More specifically, a signal generator 308 is connected to the first terminal 310 of the first reed switch 302. A second reed switch 304 is provided with a first terminal 312 and a second terminal 314. A second terminal 316 of the first reed switch 302 is connected to the second terminal 314 of the second reed switch 304 at node 318. This node 318 becomes the output terminal 326 to the device 306. A second pair of reed switches 320, 322 is employed to receive the stimulus from the device under test, (DUT) 313. Receiver 317 receives the output from the second pair of reed switches 320, 322. The serial nature of the pair of switches enables a circuit to be designed with a number of different test operations to a different number of DUTs which are independently selectable and isolatable. FIG. 8 illustrates a representational schematic of one of the pair of reed relays that carry out the circuit diagram of FIG. 7.

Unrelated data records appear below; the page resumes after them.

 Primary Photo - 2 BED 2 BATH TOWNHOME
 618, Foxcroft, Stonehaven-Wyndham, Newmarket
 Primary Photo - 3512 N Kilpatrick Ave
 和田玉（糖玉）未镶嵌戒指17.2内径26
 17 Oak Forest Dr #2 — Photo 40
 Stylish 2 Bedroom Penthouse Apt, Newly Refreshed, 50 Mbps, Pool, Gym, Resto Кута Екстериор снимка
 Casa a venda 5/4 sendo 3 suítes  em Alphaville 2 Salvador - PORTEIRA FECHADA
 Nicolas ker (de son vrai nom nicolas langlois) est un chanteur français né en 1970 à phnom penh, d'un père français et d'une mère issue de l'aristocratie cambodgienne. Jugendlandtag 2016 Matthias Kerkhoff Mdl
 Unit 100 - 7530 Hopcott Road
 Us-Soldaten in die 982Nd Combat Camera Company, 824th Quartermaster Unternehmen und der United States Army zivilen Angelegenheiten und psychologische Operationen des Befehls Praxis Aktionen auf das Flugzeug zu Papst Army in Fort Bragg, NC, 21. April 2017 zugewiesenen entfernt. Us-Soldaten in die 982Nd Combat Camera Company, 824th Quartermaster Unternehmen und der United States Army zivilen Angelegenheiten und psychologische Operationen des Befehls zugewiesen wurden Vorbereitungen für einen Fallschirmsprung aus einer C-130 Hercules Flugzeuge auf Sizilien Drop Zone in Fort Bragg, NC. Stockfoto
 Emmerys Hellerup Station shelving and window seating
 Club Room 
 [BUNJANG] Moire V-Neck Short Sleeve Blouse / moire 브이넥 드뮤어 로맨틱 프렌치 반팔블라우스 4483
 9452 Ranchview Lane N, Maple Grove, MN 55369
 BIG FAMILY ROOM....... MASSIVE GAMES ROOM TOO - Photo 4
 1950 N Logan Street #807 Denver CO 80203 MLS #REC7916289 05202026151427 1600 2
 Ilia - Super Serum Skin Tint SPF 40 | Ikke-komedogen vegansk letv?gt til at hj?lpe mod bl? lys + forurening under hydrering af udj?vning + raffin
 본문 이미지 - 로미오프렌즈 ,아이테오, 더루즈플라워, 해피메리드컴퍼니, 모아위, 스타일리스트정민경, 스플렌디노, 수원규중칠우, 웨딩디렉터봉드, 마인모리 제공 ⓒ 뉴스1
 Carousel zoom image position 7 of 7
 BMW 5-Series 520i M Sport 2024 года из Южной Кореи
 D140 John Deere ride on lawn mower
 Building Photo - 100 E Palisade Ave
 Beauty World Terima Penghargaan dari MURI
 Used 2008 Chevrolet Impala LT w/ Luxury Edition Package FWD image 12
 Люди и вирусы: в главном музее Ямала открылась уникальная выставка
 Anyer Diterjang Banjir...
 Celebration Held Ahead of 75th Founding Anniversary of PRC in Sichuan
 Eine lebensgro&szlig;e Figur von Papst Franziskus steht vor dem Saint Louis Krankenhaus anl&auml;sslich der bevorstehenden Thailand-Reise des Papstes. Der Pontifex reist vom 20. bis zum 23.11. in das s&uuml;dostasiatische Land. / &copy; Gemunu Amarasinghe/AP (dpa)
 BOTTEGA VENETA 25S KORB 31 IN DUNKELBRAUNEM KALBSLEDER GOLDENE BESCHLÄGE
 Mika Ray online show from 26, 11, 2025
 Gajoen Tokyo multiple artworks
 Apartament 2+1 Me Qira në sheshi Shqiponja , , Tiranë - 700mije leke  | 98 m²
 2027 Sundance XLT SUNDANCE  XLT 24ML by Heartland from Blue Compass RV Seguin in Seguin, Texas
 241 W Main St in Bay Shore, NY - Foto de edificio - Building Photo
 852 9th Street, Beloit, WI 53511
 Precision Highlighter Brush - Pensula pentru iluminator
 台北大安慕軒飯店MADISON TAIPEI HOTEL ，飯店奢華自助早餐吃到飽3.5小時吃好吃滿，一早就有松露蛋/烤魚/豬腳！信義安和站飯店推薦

To carry out this circuit, two individual reed switches are connected to a circuit board (not shown) with the appropriate connection 324 comprised of the leads of the switches and the trace on the circuit board therebetween. This results in a long, unprotected and vulnerable connection between the terminals of the reed switches and the circuit board which is commonly termed a “stub connection.” As a result of this long, unprotected stub connection 324, significant parasitic capacitance C to ground will be present. This is termed a “stub capacitance” and acts to load the high frequency path, thus limiting the frequency of the circuit to a value in the range of about 5.0 GHz, for example. However, to properly test very fast devices under test (DUT), such as high-speed microprocessors, the frequency of the test circuit must reach the 7 GHz range and higher, such as 18 GHz, in the future. Therefore, with a prior art mounting of the reed switches 302, 304 and stub connection 324 on the circuit board, this circuitry 300 is incapable of testing high-speed devices. The protection of a this stub connection is an example of many different ways to employ the present invention.

Another concern in the industry concerns impedance matching of the switch to the circuit into which it is installed. Currently available reed devices are incorporated into a given circuit environment by users. For application at higher frequencies, such as in the 18 GHz range and higher, as is well known in the art, a reed switch is ideally configured to match as closely as possible the desired impedance requirements of the circuit, such as 50 ohms, in which it is installed.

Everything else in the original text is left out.